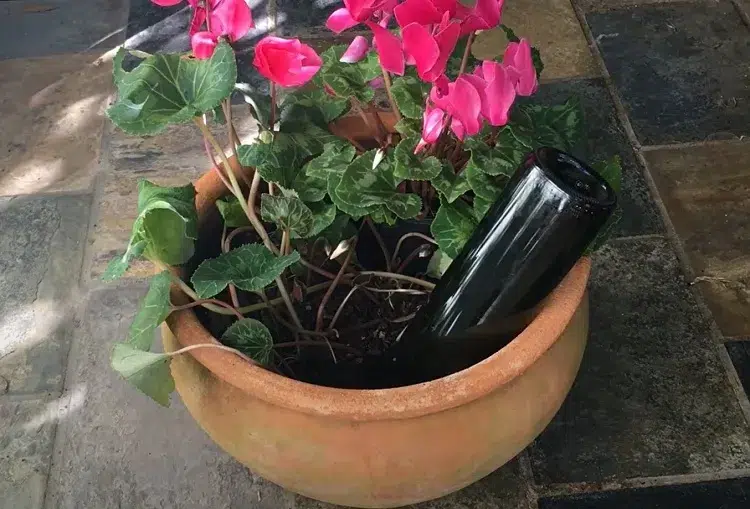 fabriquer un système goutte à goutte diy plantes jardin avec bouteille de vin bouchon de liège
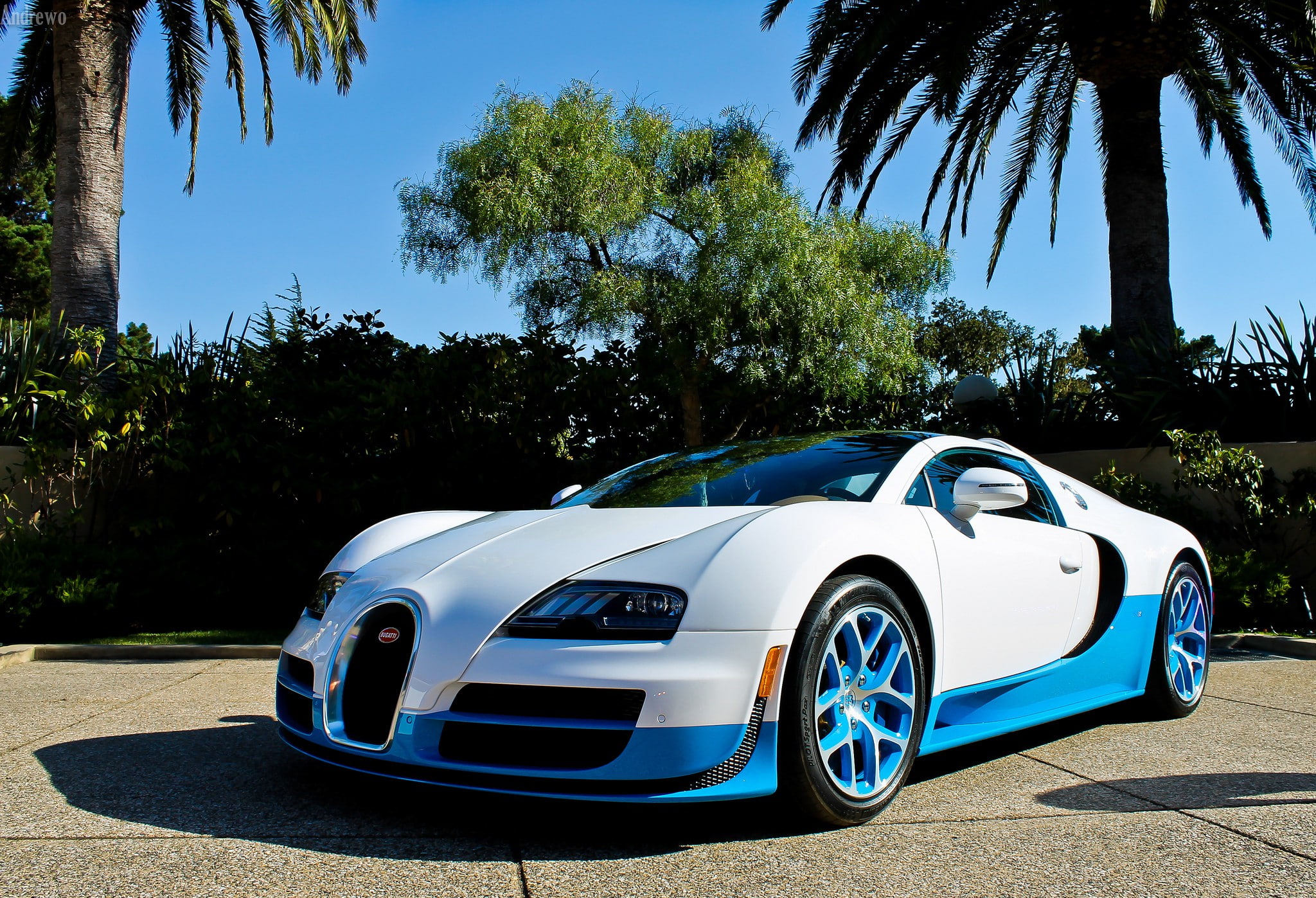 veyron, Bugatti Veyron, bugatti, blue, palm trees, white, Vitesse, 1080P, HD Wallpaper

...

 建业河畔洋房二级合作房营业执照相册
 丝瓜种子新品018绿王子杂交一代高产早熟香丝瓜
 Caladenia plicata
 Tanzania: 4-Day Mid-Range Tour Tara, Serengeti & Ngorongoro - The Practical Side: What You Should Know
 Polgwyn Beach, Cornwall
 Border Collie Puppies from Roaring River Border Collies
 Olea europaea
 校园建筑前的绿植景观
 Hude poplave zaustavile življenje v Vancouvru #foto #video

YOUR GOAL:
Output the lines above exactly, but only those between the line holding "Caladenia plicata" and the line holding "Hude poplave zaustavile", inclusive.

SOLUTION TO THIS EXERCISE:
 Caladenia plicata
 Tanzania: 4-Day Mid-Range Tour Tara, Serengeti & Ngorongoro - The Practical Side: What You Should Know
 Polgwyn Beach, Cornwall
 Border Collie Puppies from Roaring River Border Collies
 Olea europaea
 校园建筑前的绿植景观
 Hude poplave zaustavile življenje v Vancouvru #foto #video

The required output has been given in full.